[lbo-talk] black power

shag shag at cleandraws.com
Wed Feb 6 17:06:00 PST 2008


my intro to radical political theory began when I read black feminist thought and, shortly thereafter, stuff from Stokeley Carmichael and Huey P. Newton. I didn't get too far into exploring more of the latter, and I vaguely recall someone bitching at me at LBO for upholding C and N's work. I shied away because, silly me, I'm one of the dunces that is persuaded by others' arguments. :)

Then, over the summer, I read Kimberly Springer's _Living for the Revolution: Black Feminist Organizations, 1968–1980_ which meant I read quite a bit on the Black Power and NOI and Black Nationalism in general, though mostly from the perspective of feminist critiques.

Returning books last night, I decided to check out what my branch had on hand:

_Up Against the Wall:Violence in the making and unmaking of the Black Panther Party_, Curtis J. Austin (I was not too sure about this one. The cover makes it clear that its controversial)

_Liberation, Imagination, and the Black Panther Party_, Kathleen Cleaver and George Katsiaficas (editors)

I would like some recommendations. Anyone have thoughts about the above books or suggestions for others?

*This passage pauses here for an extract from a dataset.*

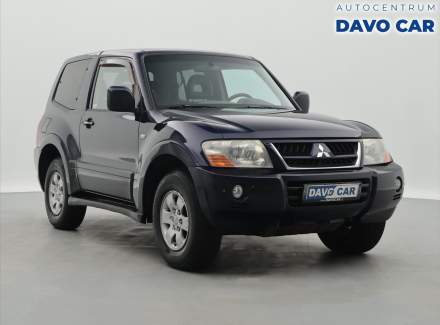 Mitsubishi - Pajero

On a related note I went to the lib to pick up books on interlibrary loan:

Kimberly Springer's _Still Lifting, Still Clibming: Contemporary African American Women's Activism_

And, be still my heart, the awesome Linda Alcoff (Larry was with SEIU) and a book that explores identity politics, _Visible Identities: Race, Gender, and the Self_

I'm about 40 pages into it and this is a really helpful book. She's starting out by exploring the _political_ critique of identity, in everything from Arthur Schlesinger to Todd Gitlin to Nancy Fraser. She gives them what I describe as a sympathetic reading, arguing with their strongest points and putting them in the best light possible.

She argues that there are three claims about id politics and why such a politics is indefensible:

1. the reification problem (policing of identity) 2. the separatism problem (people will focus on identity at the expense of shared issues -- the objection raised here) 3. the reasoning problem (that in order to have rational debate, people must be able to objectify their identities)

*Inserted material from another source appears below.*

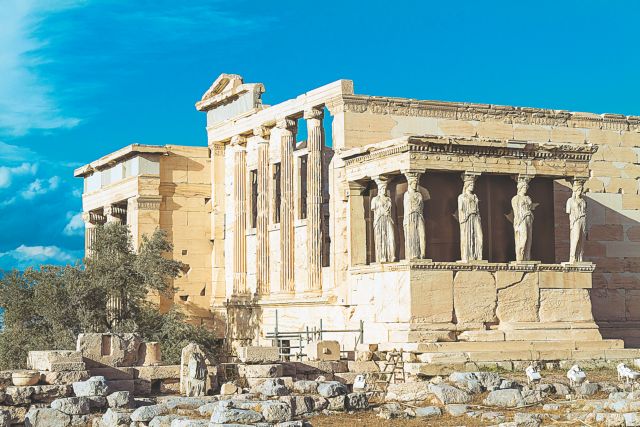 Θραύσματα από το Ερέχθειο προτίθεται να επιστρέψει στην Ελλάδα το μουσείο της Χαϊδελβέργης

Each of these is faulty, Alcoff argues, because they have no basis in what actual goes on in identity political practices or what can be discerned from survey and ethnographic research. They rely on assumptions that are undermined by the evidence.

She will go on to delineate and epistemology and ontology of identity, if I under her correctly.

I suppose I will review this book very carefully and, when the bullshit about identity politics starts up again, it's a copy-cut-paste job. LOL.

and yes, I know, y'all probably think I have some sort of disorder with the scattered about reading. whatev!